When people feel secure about their living situation, they have the capacity to think about and act on building a future and reaching their potential. They put roots down. They become involved in their community and take pride in being a productive member of society — it becomes part of their identity. Being part of a community is mutually beneficial — you stand with and for it and it takes care of you; you work to keep it safe and clean, and it gives you a place in the big, wide world where you belong.
There are many things that can be done to address the attainable housing crisis. Promoting neighborhoods of choice in which local leaders, residents and other stakeholders revitalize distressed public housing communities and catalyze transformational improvements is one. We can incentivize grocery stores to open locations in food deserts, schools to bring quality education to places that sorely lack it and banks to open branches in locations they’ve skimmed to create communities of opportunity. We can incorporate mixed-income residences into communities with established infrastructure.
There are barriers in the way of these opportunities. Many are unwilling to accept attainable housing in their neighborhood. “NIMBY” (not in my backyard) mentality is prevalent, and misconceptions abound — perpetuating misplaced fears about increased crime rates, lowered property values and neighborhood disruptions by “unsavory elements.” Despite conclusive data to the contrary, as well as evidence that attainable housing has far-reaching and positive impacts for communities, these fears remain one of the driving forces behind a severe national shortage of attainable housing.
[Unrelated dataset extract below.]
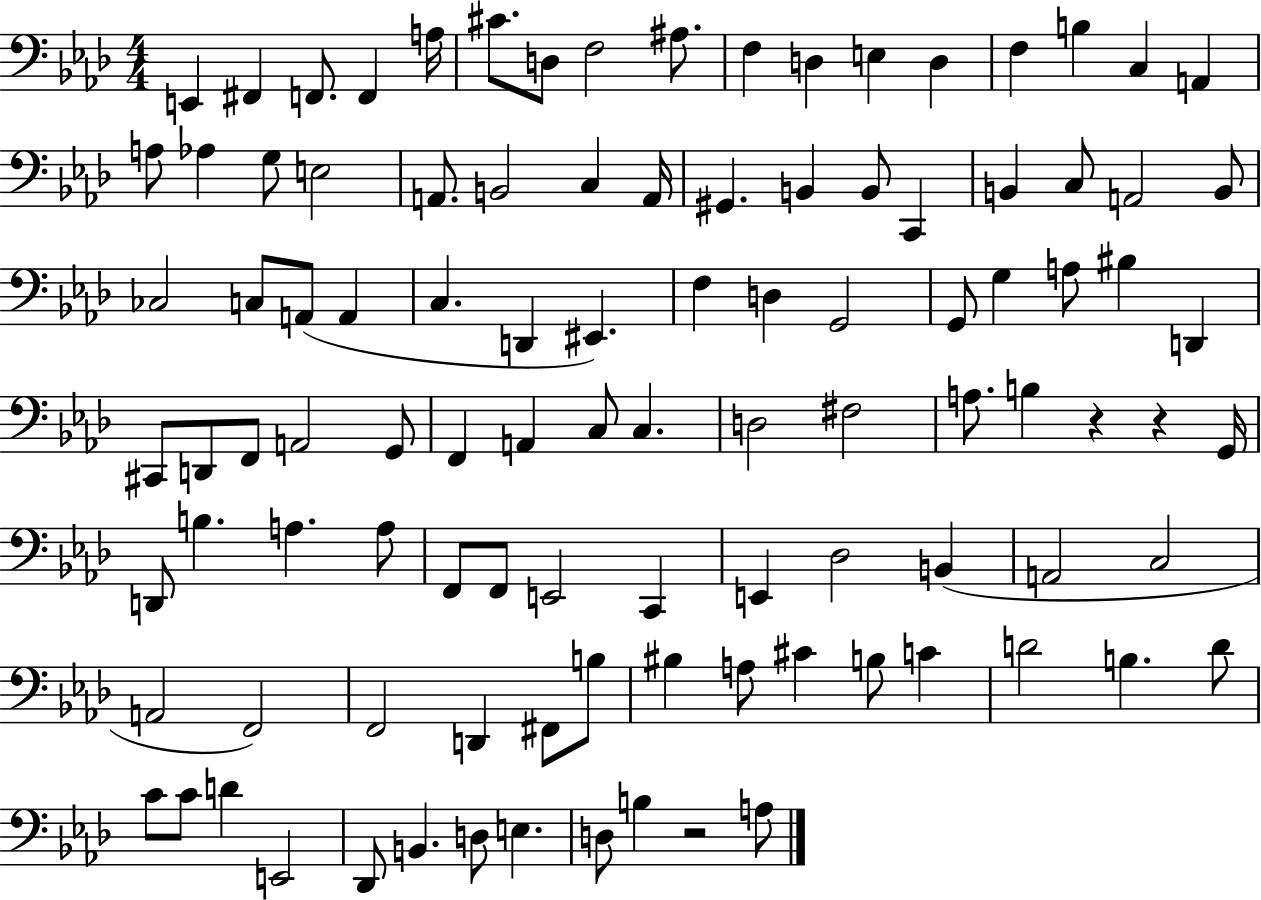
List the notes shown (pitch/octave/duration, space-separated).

The result is that many are left either homeless or living in areas of concentrated poverty — places that offer little in the way of opportunity and access to transportation, medical care, quality schools, grocery stores or environmental safety — where it’s hard to establish a sense of community. Economic disparity is one of the most divisive and isolating forces of the modern day. It separates people — reinforcing barriers that blind us to our similarities and depriving us of the ability to celebrate our differences.
The solution to this obstacle is, as with countless others, communication. By impressing the communitywide benefits of mixed-income housing upon residents who reject it, we can foster unity and a brighter future. Everyone has a stake in ensuring that housing is equitable and attainable — as the saying goes, “a rising tide lifts all ships” — even if they aren’t directly impacted by it. Just like public transit, we may not all ride the bus, but when all people can get to where they need and want to go, good things happen. Cities become safer, economies flourish, and society’s overall physical and mental health is increased.
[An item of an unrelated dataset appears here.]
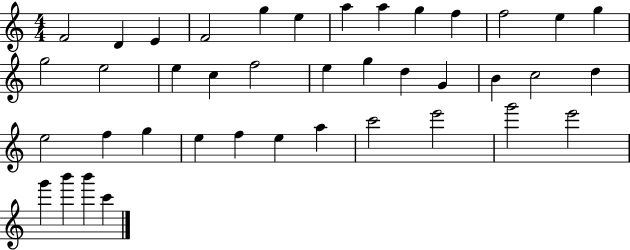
F4/h D4/q E4/q F4/h G5/q E5/q A5/q A5/q G5/q F5/q F5/h E5/q G5/q G5/h E5/h E5/q C5/q F5/h E5/q G5/q D5/q G4/q B4/q C5/h D5/q E5/h F5/q G5/q E5/q F5/q E5/q A5/q C6/h E6/h G6/h E6/h G6/q B6/q B6/q C6/q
If questioned, the vast majority of individuals would likely assert that access to a safe and stable home that you can afford is essential to quality of life and, beyond that, the standard of living that we want for our fellow humans. By opening the conversation — piercing through misconception with facts and highlighting the topic’s relevance to all people and prompting conversation — we can make authentic connections with our neighbors’ struggles and build support for attainable housing solutions that elevate us all.